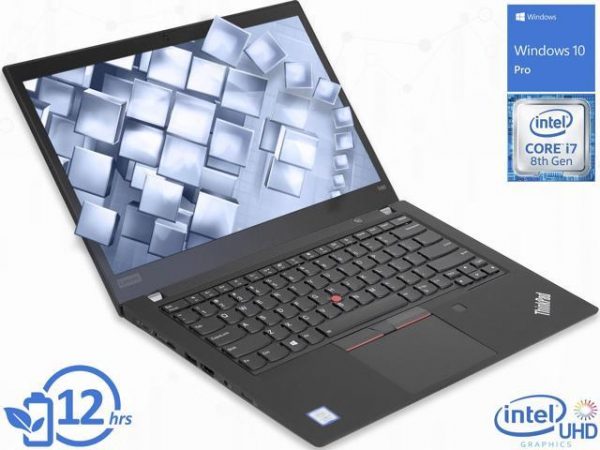 Lenovo ThinkPad T490 Notebook, 14" FHD Display, Intel Core i7-8565U Upto 4.6GHz, 24GB RAM, 512GB NVMe SSD, HDMI, Thunderbolt, Card Reader, Wi-Fi, Bluetooth, Windows 10 Pro Lenovo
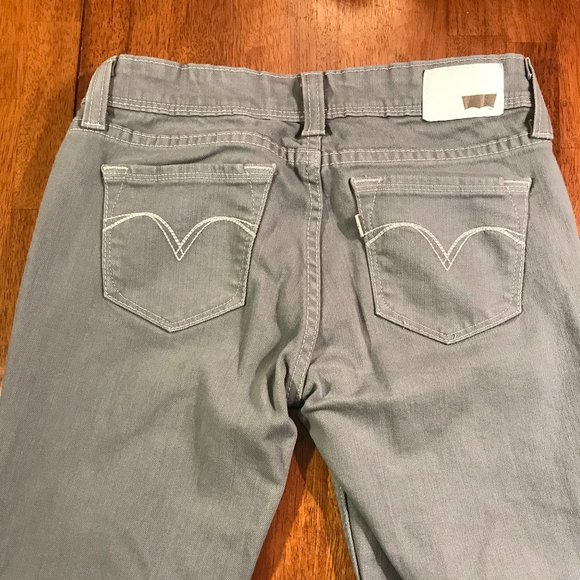 Levis Demi curve grey mid rise skinny jeans - Picture 2 of 5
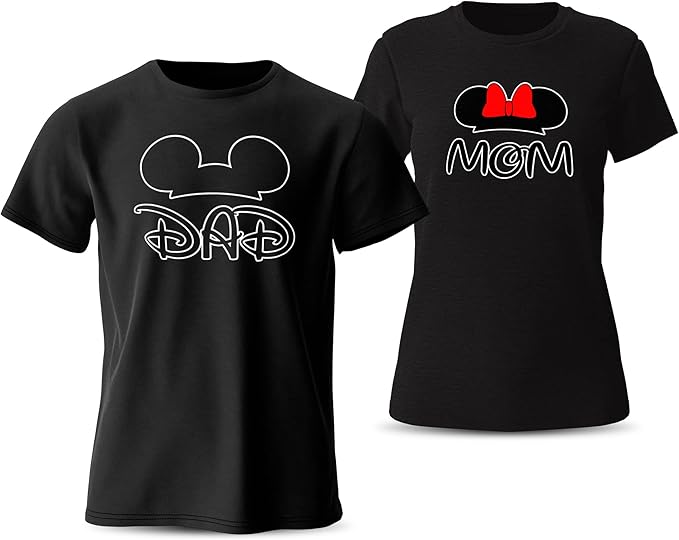 Amazon.com: GOOD SHOPPERS ACTIVEWEAR - Mom and Dad Matching Shirts for ...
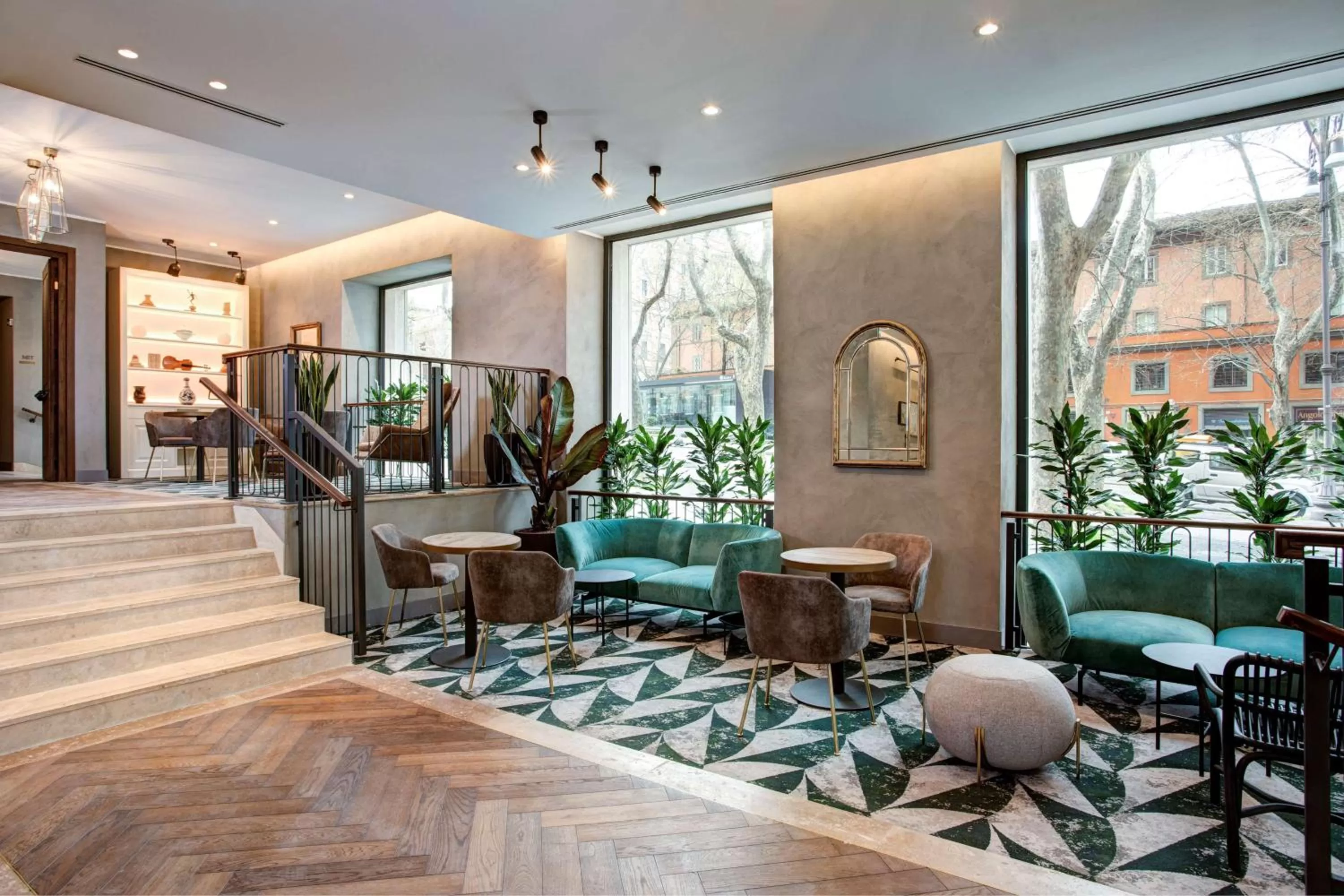 Lobby or reception in DoubleTree By Hilton Rome Monti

#### [Problem details]
Pictures stay out; everything else in the listing above gets repeated exactly.

#### [Response to this task]
 Lenovo ThinkPad T490 Notebook, 14" FHD Display, Intel Core i7-8565U Upto 4.6GHz, 24GB RAM, 512GB NVMe SSD, HDMI, Thunderbolt, Card Reader, Wi-Fi, Bluetooth, Windows 10 Pro Lenovo
 Levis Demi curve grey mid rise skinny jeans - Picture 2 of 5
 Amazon.com: GOOD SHOPPERS ACTIVEWEAR - Mom and Dad Matching Shirts for ...
 Lobby or reception in DoubleTree By Hilton Rome Monti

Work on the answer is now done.